§ **Information provided**

====

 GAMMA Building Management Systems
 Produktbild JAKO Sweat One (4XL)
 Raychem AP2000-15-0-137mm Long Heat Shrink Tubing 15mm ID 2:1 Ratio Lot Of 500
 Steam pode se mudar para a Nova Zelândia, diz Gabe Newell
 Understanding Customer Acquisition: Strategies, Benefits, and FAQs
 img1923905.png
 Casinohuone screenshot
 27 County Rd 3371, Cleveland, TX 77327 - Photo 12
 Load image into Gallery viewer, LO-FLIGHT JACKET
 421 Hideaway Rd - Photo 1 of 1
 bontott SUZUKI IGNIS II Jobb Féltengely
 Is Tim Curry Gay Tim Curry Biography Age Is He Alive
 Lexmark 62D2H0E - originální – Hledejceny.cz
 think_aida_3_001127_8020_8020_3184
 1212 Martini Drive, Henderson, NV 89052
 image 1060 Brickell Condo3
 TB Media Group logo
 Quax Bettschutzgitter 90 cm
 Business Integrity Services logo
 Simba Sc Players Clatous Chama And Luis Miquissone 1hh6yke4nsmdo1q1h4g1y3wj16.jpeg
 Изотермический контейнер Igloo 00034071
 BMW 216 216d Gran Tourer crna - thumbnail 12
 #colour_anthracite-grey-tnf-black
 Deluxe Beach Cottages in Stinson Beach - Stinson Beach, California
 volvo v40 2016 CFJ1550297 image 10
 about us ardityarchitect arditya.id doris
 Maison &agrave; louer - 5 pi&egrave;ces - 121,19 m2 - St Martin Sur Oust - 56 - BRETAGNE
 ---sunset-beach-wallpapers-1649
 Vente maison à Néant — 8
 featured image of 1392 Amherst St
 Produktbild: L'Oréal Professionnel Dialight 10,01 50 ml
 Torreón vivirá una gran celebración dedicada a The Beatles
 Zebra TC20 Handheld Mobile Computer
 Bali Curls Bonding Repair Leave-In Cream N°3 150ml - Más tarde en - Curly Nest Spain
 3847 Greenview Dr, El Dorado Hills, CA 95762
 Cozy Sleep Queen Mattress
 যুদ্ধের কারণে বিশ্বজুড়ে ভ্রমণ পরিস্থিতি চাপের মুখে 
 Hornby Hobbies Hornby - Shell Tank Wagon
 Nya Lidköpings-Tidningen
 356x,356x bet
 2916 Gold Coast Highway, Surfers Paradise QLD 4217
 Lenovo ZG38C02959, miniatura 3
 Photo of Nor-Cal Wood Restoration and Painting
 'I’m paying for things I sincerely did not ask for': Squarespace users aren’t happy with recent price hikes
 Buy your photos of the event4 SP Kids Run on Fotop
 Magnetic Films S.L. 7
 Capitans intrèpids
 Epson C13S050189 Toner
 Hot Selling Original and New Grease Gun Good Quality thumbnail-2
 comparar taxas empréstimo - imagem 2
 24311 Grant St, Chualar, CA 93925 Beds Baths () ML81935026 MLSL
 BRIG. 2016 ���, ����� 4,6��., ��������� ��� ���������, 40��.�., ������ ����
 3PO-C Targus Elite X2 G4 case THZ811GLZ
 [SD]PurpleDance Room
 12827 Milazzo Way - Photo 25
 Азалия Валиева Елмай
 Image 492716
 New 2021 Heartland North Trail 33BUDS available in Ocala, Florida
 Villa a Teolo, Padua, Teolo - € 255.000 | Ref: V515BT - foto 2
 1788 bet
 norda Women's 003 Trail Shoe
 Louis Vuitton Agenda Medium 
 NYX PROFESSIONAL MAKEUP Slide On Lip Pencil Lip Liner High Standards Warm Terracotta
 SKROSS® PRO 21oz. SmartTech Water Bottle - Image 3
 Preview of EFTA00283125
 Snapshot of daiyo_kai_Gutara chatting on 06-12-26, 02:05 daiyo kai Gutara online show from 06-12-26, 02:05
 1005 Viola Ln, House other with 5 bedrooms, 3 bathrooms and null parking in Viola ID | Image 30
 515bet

====

§ **Your objective**
Your output should be the lines from the one with "356x,356x bet" through the end of the records above, copied exactly.

§ **Output of the task**
 356x,356x bet
 2916 Gold Coast Highway, Surfers Paradise QLD 4217
 Lenovo ZG38C02959, miniatura 3
 Photo of Nor-Cal Wood Restoration and Painting
 'I’m paying for things I sincerely did not ask for': Squarespace users aren’t happy with recent price hikes
 Buy your photos of the event4 SP Kids Run on Fotop
 Magnetic Films S.L. 7
 Capitans intrèpids
 Epson C13S050189 Toner
 Hot Selling Original and New Grease Gun Good Quality thumbnail-2
 comparar taxas empréstimo - imagem 2
 24311 Grant St, Chualar, CA 93925 Beds Baths () ML81935026 MLSL
 BRIG. 2016 ���, ����� 4,6��., ��������� ��� ���������, 40��.�., ������ ����
 3PO-C Targus Elite X2 G4 case THZ811GLZ
 [SD]PurpleDance Room
 12827 Milazzo Way - Photo 25
 Азалия Валиева Елмай
 Image 492716
 New 2021 Heartland North Trail 33BUDS available in Ocala, Florida
 Villa a Teolo, Padua, Teolo - € 255.000 | Ref: V515BT - foto 2
 1788 bet
 norda Women's 003 Trail Shoe
 Louis Vuitton Agenda Medium 
 NYX PROFESSIONAL MAKEUP Slide On Lip Pencil Lip Liner High Standards Warm Terracotta
 SKROSS® PRO 21oz. SmartTech Water Bottle - Image 3
 Preview of EFTA00283125
 Snapshot of daiyo_kai_Gutara chatting on 06-12-26, 02:05 daiyo kai Gutara online show from 06-12-26, 02:05
 1005 Viola Ln, House other with 5 bedrooms, 3 bathrooms and null parking in Viola ID | Image 30
 515bet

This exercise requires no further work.